Book China s Transition to a Global Economy

Download or read book China s Transition to a Global Economy written by Michael Webber and published by Springer. This book was released on 2002-12-13 with total page 287 pages. Available in PDF, EPUB and Kindle. Book excerpt: How has China approached the global economy? Webber, Wang and Zhu attempt to answer this question through analysis of the concepts of globalization, transition and regionalization. China's approach has been experimental, stressing the liberalization of trade and investment flows and the development of a market economy. By these indexes globalization in China has been gradual and uneven. Integrating Western social science and Chinese research, this book assesses the nature and effect of globalization in China and its implications.

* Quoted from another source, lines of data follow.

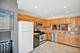 117 Oneida, Bloomingdale, IL 60108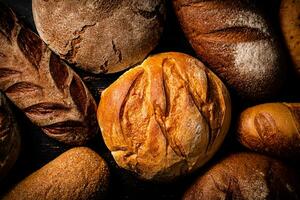 Different types of bread. Macro background. photo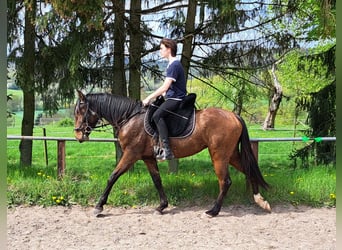 Lusitano, Mare, 3 years, 15.1 hh, Brown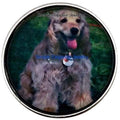 Cocker Spaniel Dog Snap 20mm for Snap Charm Jewelry - Snap Jewelry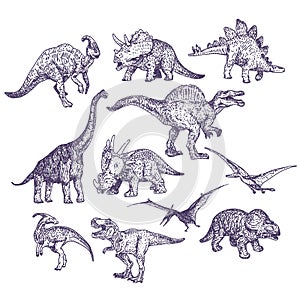 Dinosaurs vector drawings set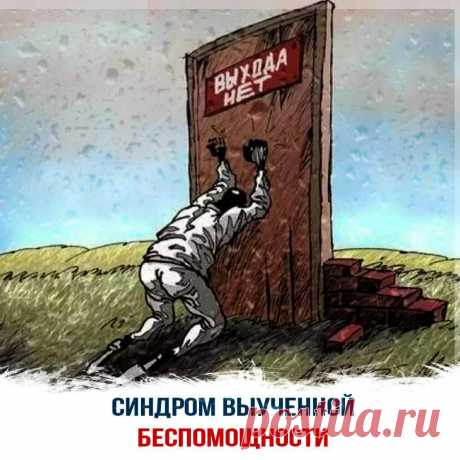 Синдром выученной беспомощности, почему многие люди не могут изменить свою жизнь к лучшему?
Ученые-психологи М.Селигман и С.Майер описали синдром выученной беспомощности. Эксперимент проводился при участии собак, животное помещали в клетку, где она подвергалась периодическим ударам тока, и не могла избежать их. Позже животное перемещали в место где был выход, и собака могла перепрыгнуть и сбежать...
Читай дальше на сайте. Жми подробнее ➡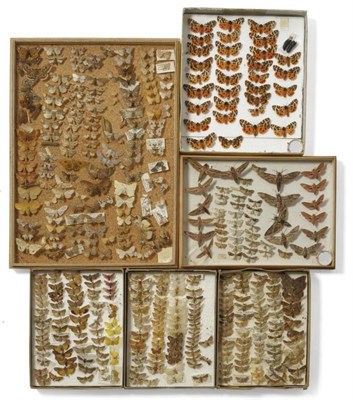 Lot 39 - Six Assorted Boxes of British Moths, including a collection of Garden Tiger moths, no data...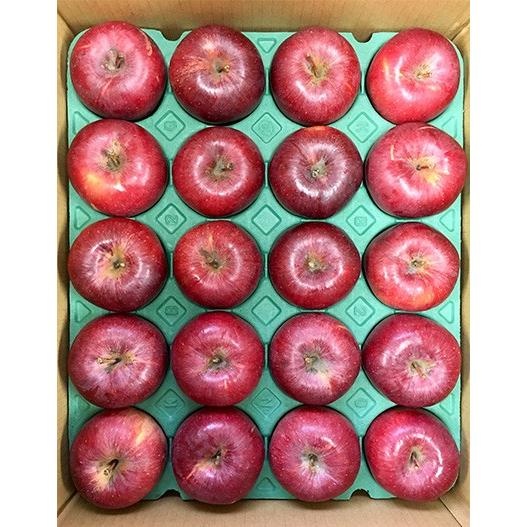 りんご 春紅玉 ご家庭用 訳あり 約4kg /常温便・送料無料 長野県産地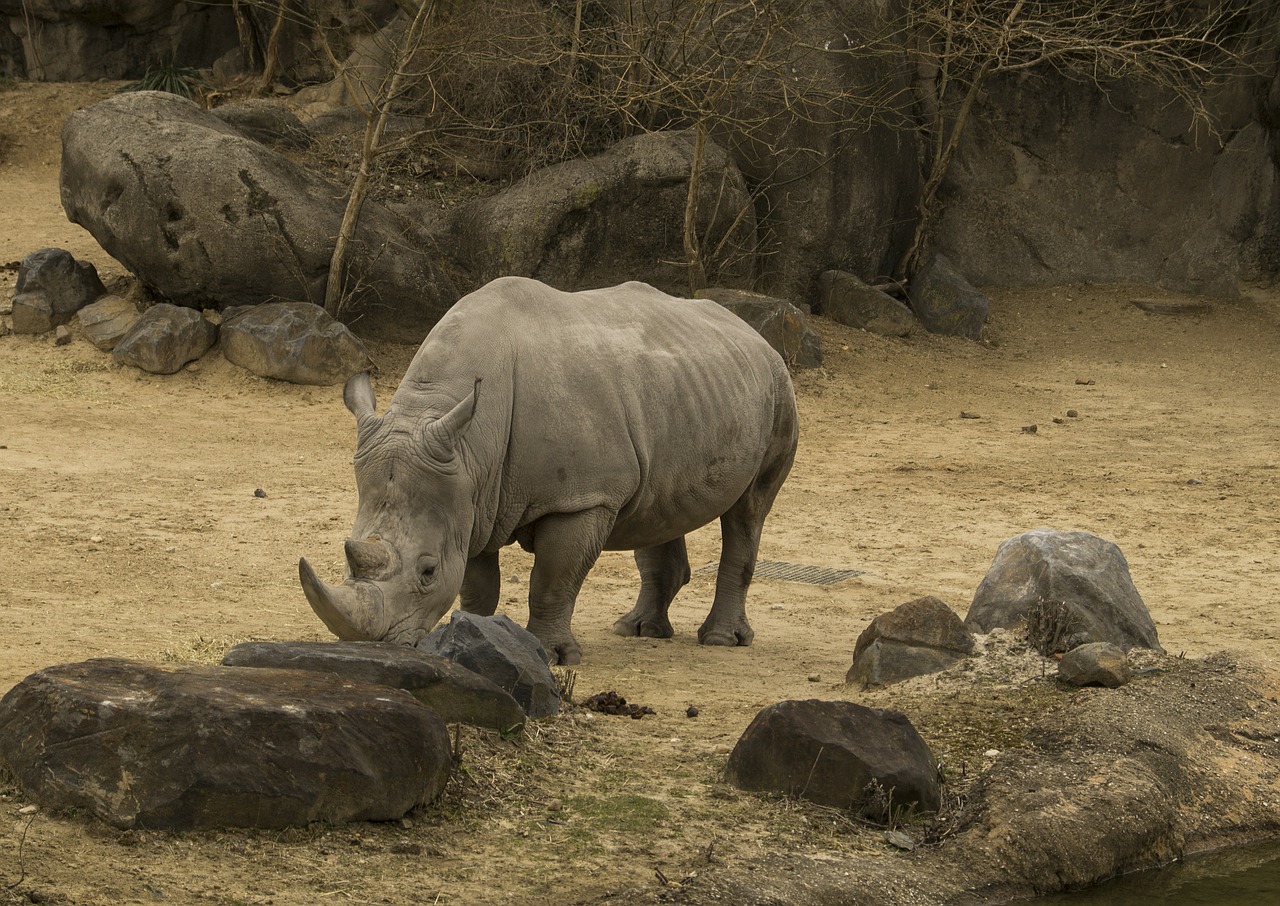rhinoceros rhinos zoo free photo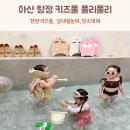 풀리풀리 이미지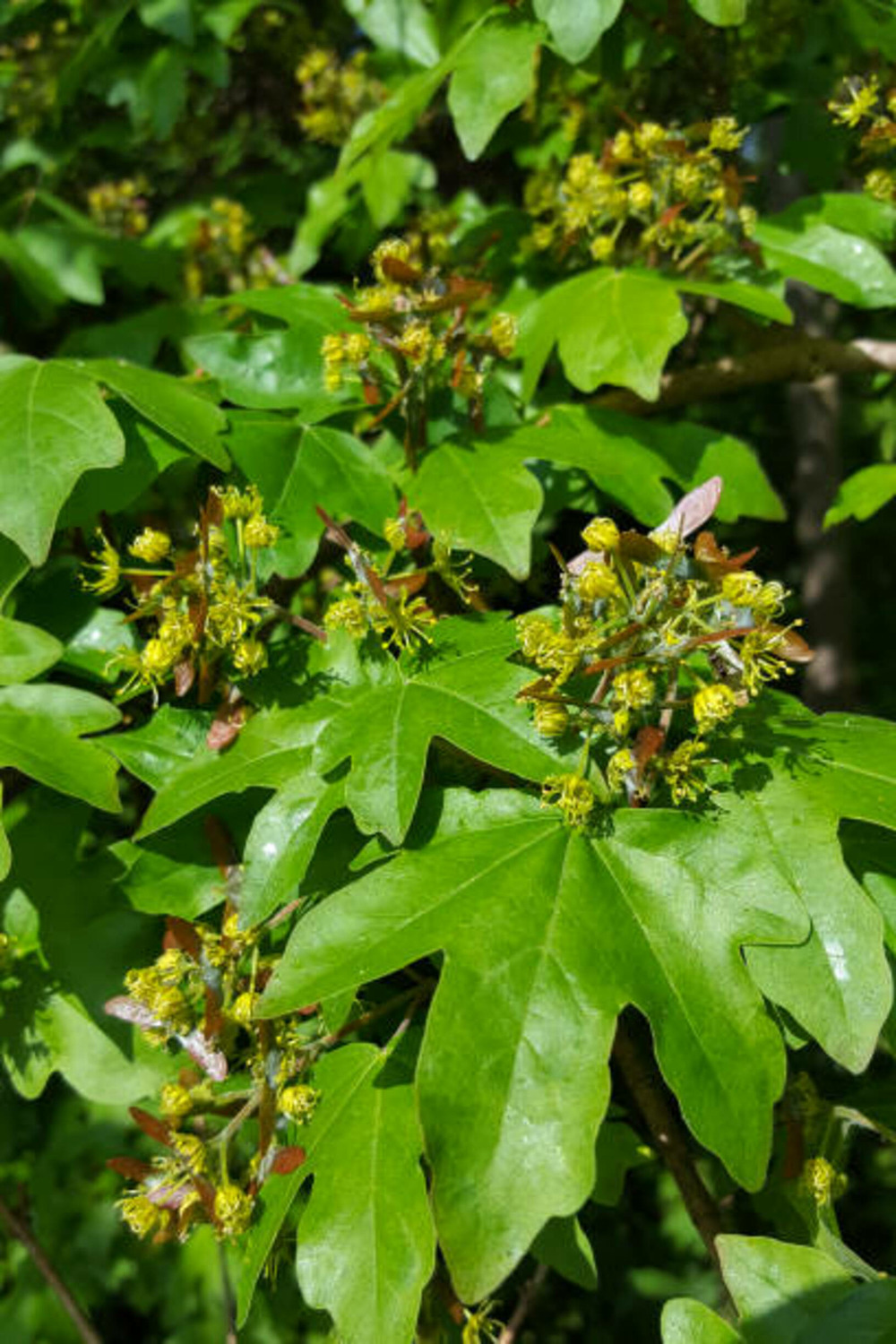 Acer campestre lienco c15l baliveau 150/250 cm (hors pot)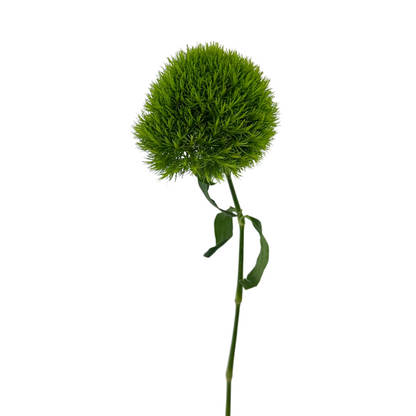 Dianthus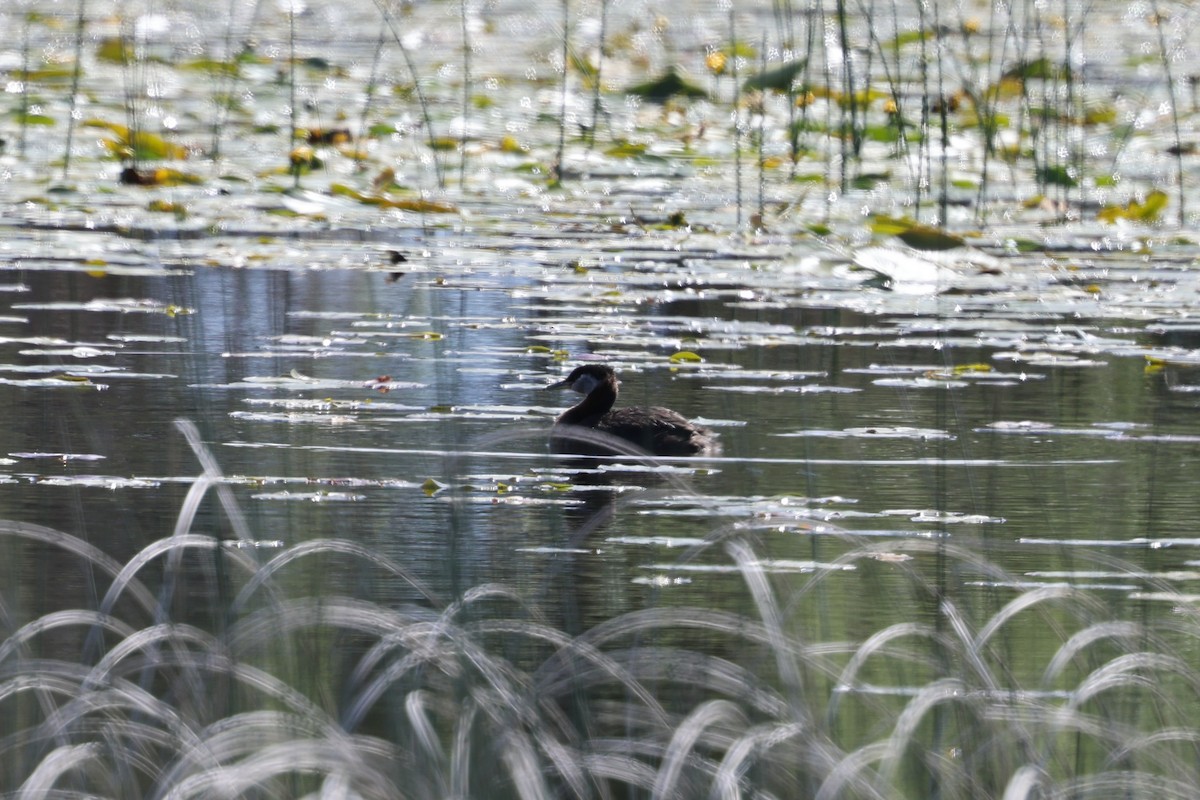 Red-necked Grebe - ML620451891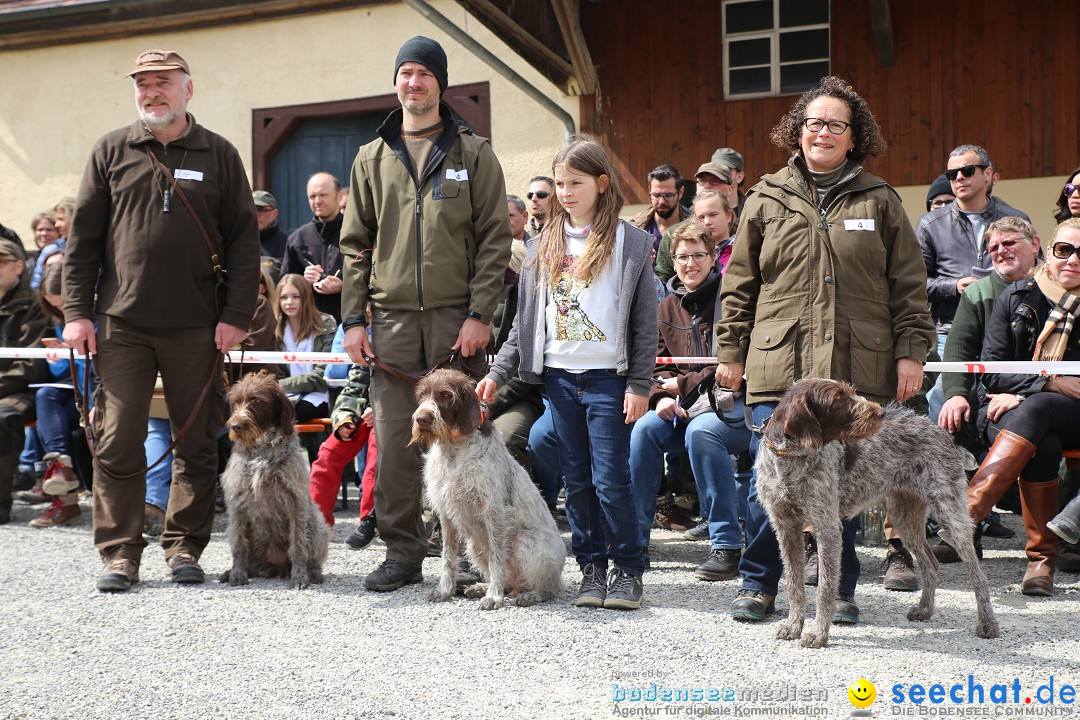 Jagdhundetag Dornsberg der Landesjagdschule: Eigeltingen, 23.04.2017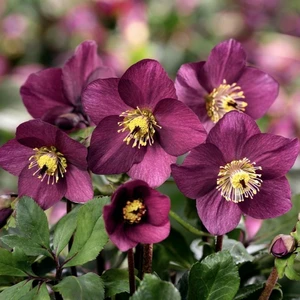 Helleborus 'HGC Winter Ballet Karli'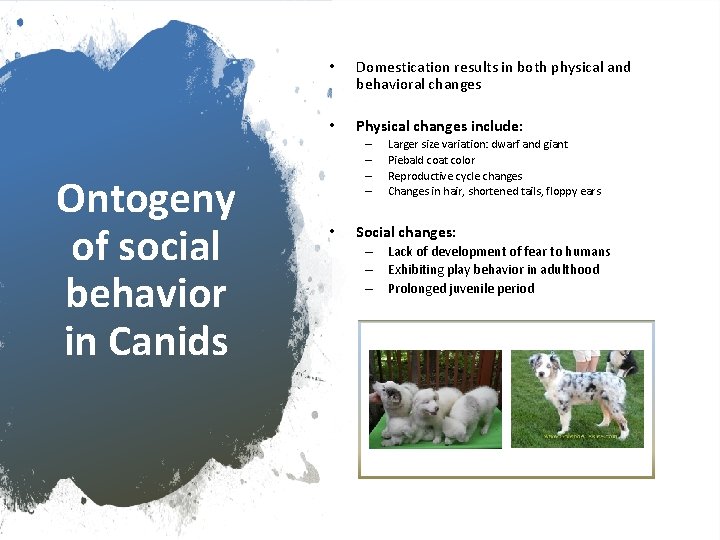 Ontogeny of social behavior in Canids • Domestication results in both physical and behavioral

Book Transition and Development in China

Download or read book Transition and Development in China written by Yun Chen and published by Routledge. This book was released on 2017-11-30 with total page 426 pages. Available in PDF, EPUB and Kindle. Book excerpt: China's transition from a planned economy to a market economy has succeeded in producing more than a decade of phenomenal growth. Whilst similar reforms in countries of Central and Eastern Europe and the former Soviet Union have seen an initial downturn in production, usually with a significant rise in unemployment, the success of the approach taken by China has been remarkable. However, China embarked upon the process, without a well-designed blueprint at the outset. The resulting piecemeal, partial, incremental, and often experimental approach has proved complicated to implement - requiring a complex melding of politics and economics, internal and foreign affairs, government and market. How the difficult task of balancing the diverse array of often competing concerns has been achieved is the subject of this book, which examines the dismantling of the centrally planned system and the mechanism of institutional change in Chinese transition.